Выбрать главу

“Здесь хотели дать новую жизнь национальным народным традициям, — пишет исследователь, — а заодно — ренессансному типу художника, который преодолевает рамки узкой профессинализации, может не только писать картины, но и строить, лепить, украшать, делать мебель… Скульптура, мозаика, витраж, майолика, архитектурные маски, архитектурные проекты, театральные декорации, костюмы — везде он оказывался в своей стихии”. “В это-то время, — замечает исследователь, — …Врубель и становился одним из творцов русского модерна — того “нового стиля”, который наслаивался на неорусский романтизм мамонтовского кружка, частично из него вырастая”.

Что такое модерн? Что такое “неорусский романтизм”? “Измы” не позволяют исследователям разглядеть самобытные явления русской жизни и русского искусства.

На рубеже XIX–XX веков в России дает себя знать снова романтическая эпоха, словно не вызревшая в первой половине XIX века, поскольку русское искусство в условиях Ренессанса достигло вершин классики, как в Италии на рубеже XV–XVI веков, что во Флоренции недаром получило название Золотого века, как и в России, и вот на склоне классической эпохи, под ее вечер вспыхивают дали и зори романтического миросозерцания, что воплощают в лирике Серебряного века Александр Блок и Анна Ахматова.
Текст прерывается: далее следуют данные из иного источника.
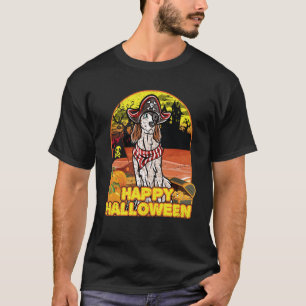 English Setter Happy Halloween Costume Pirate Swea T-Shirt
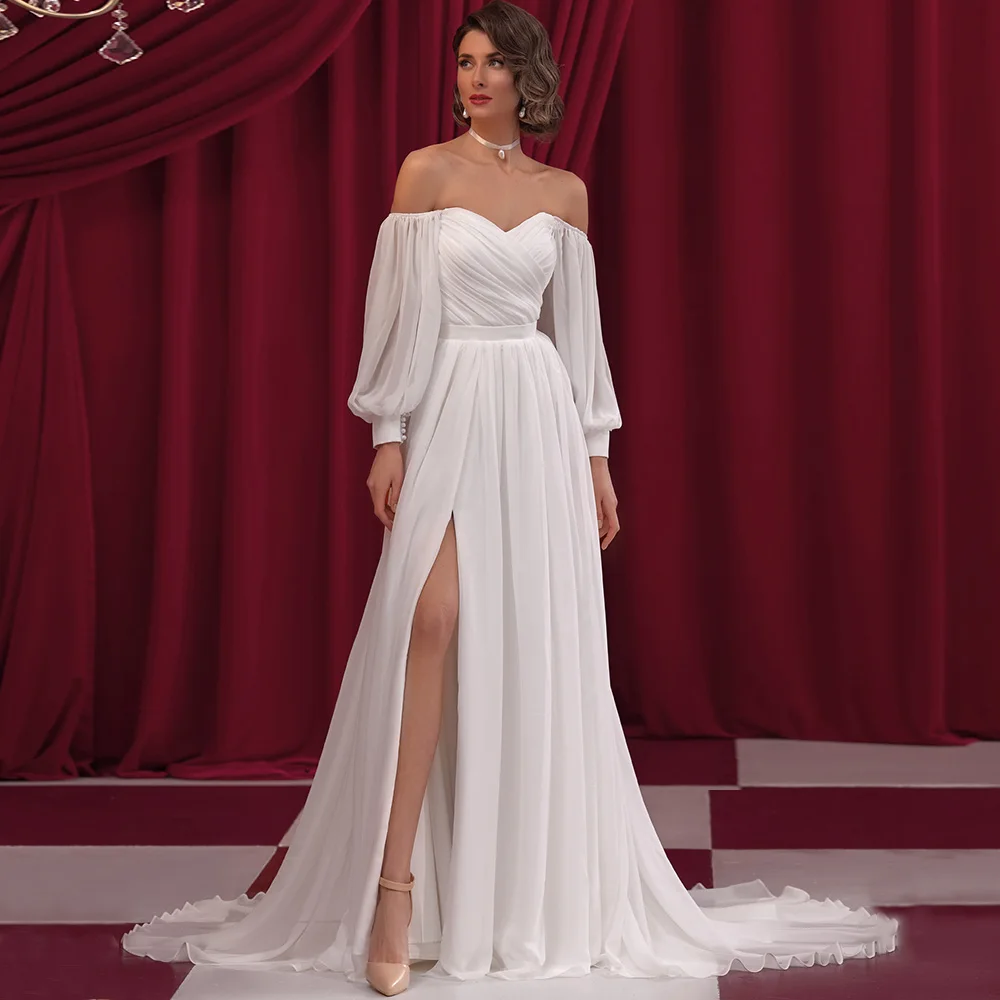 

Elegant Off the Shoulder Women Wedding Dress Customized Chiffon Pleats A-Line Strapless Bridal Gowns with Side Slit Sweep Train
Врубель, конечно, романтик по мироощущению и содержанию его творчества, но романтик, достигающий почти во всем, что делает, классичности; он, как Серов, в живописи один из последних представителей классико-романтической эпохи, как Чехов в литературе, — это Золотой век русского искусства, просиявший особенно ярко под вечер, как бывает. Чехову казалось, что наступают уже сумерки, но классический день еще длился, благодаря, в частности, его творчеству.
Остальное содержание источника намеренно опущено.